How Many Animals Does HSUS (Actually) Care For?
The Humane Society of the United States hauls in $100 million per year, and has another $191 million in assets. So you might think this national “humane society” would be able to help millions of animals. After all, HSUS shares less than 1 percent of its budget with hands-on pet shelters, so the other 99 percent must be spent directly on caring for Garfield and Odie, right?
Not so fast: It’s true that HSUS runs a few animal sanctuaries—generally for horses and wildlife, though, not pets. But HSUS helpfully, at least in two recent annual reports, put exact numbers on the animals it claims to be caring for.
Could HSUS be doing more? We’ll let you decide.
According to HSUS’s 2007 annual report (see below), the organization provided some form of care to just over 24,000 animals that year.

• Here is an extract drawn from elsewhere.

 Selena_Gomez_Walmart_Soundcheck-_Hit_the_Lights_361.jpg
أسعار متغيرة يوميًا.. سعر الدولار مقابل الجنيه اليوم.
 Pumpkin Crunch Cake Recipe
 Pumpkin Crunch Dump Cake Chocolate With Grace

In the following year’s annual report, however, HSUS bumped its 2008 “Animals Cared For” number up to about 70,000 animals. That figure includes 33,000 pets—nearly half of HSUS’s claimed amount—that were sterilized as part of HSUS’s “Spay Day” promotion.

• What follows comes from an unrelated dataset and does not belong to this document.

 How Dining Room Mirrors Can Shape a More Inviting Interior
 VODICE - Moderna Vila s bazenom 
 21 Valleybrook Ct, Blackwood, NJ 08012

This is odd because HSUS has run “Spay Day” since it merged operations with the Doris Day Animal League in 2006. (DDAL founded the event in 1995.) Why didn’t HSUS also count Spay Day pets in 2007?
At the very least, we can conclude that an enormous percentage of the animals “cared for” by HSUS aren’t actually long-term cases. Spaying and neutering are brief surgeries that have little to do with animal rehabilitation or adoption.

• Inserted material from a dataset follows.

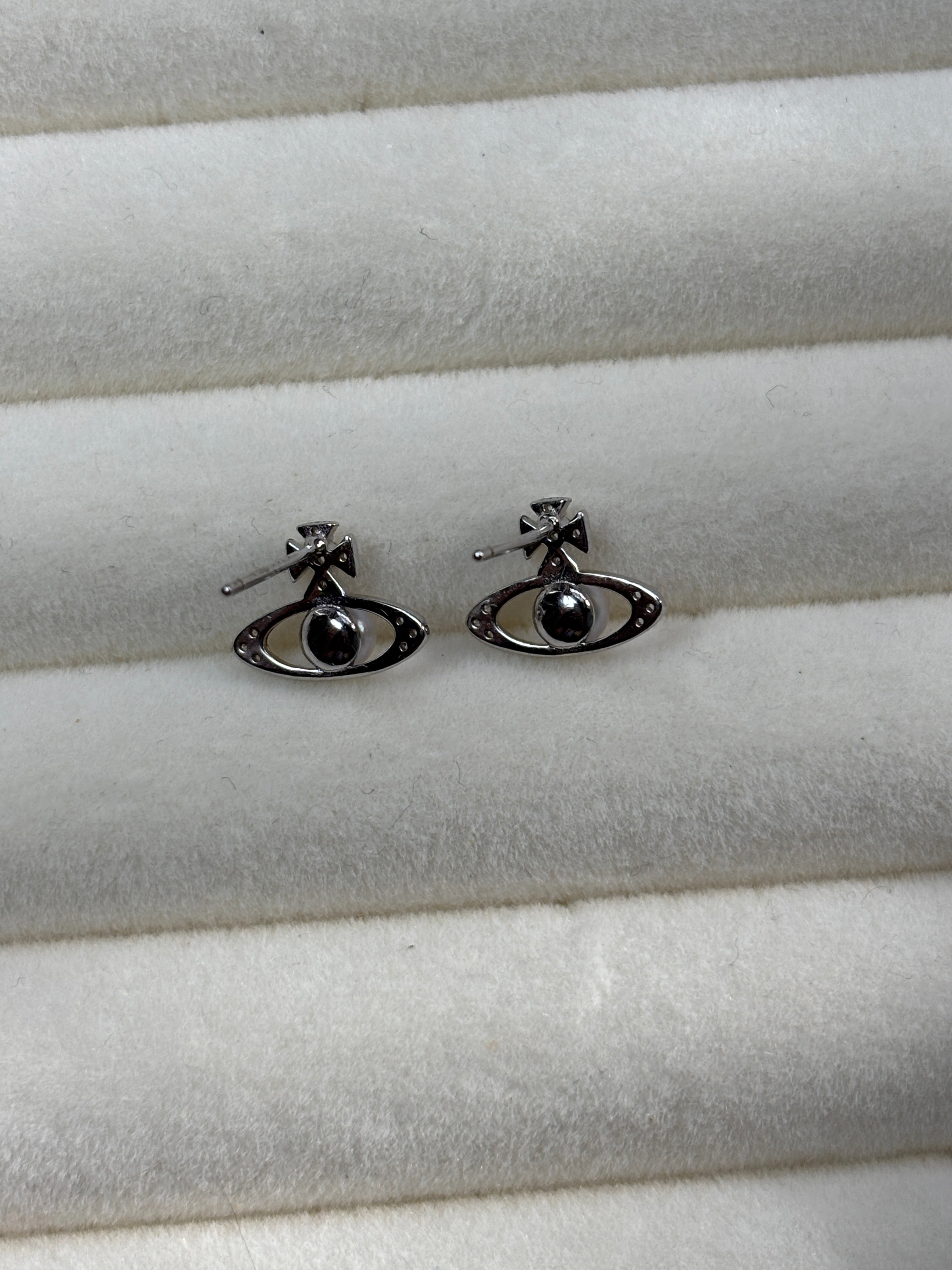[Leia] Pearl Earring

Not that HSUS is actually doing the surgeries. In its 2009 annual report, HSUS claimed credit for “40,000+ spay/neuter surgeries performed by nearly 400 organizers in 24 countries during HSUS and HSI Spay Day events.”
In other words, HSUS is claiming it “cared for” animals that it never saw. It may have raised pass-through funds to sterilize them, but that’s a horse of a different color. Just ask HSUS's South Dakota state director, Darci Adams:
We have no affiliation with local shelters … our efforts focus on policy.
And although HSUS does care for some animals on a longer-term basis (HSUS’s wildlife centers come to mind), the animals rescued by HSUS in high-profile “raids” (like this one from earlier in the week) are generally sent to local shelters for fostering and adoption. HSUS is just a temporary middle-man. And as the indispensible YesBiscuit! blog has showed us, HSUS’s “rescues” are sometimes sadly temporary, resulting in certain death for many of the animals.
UPDATE: One irony in all of this is that some individual farmers provide direct care to far more animals in a given week than HSUS can claim to in a whole year. Yet it's these same farmers that HSUS routinely attacks for the supposed sins of running large businesses and producing an income.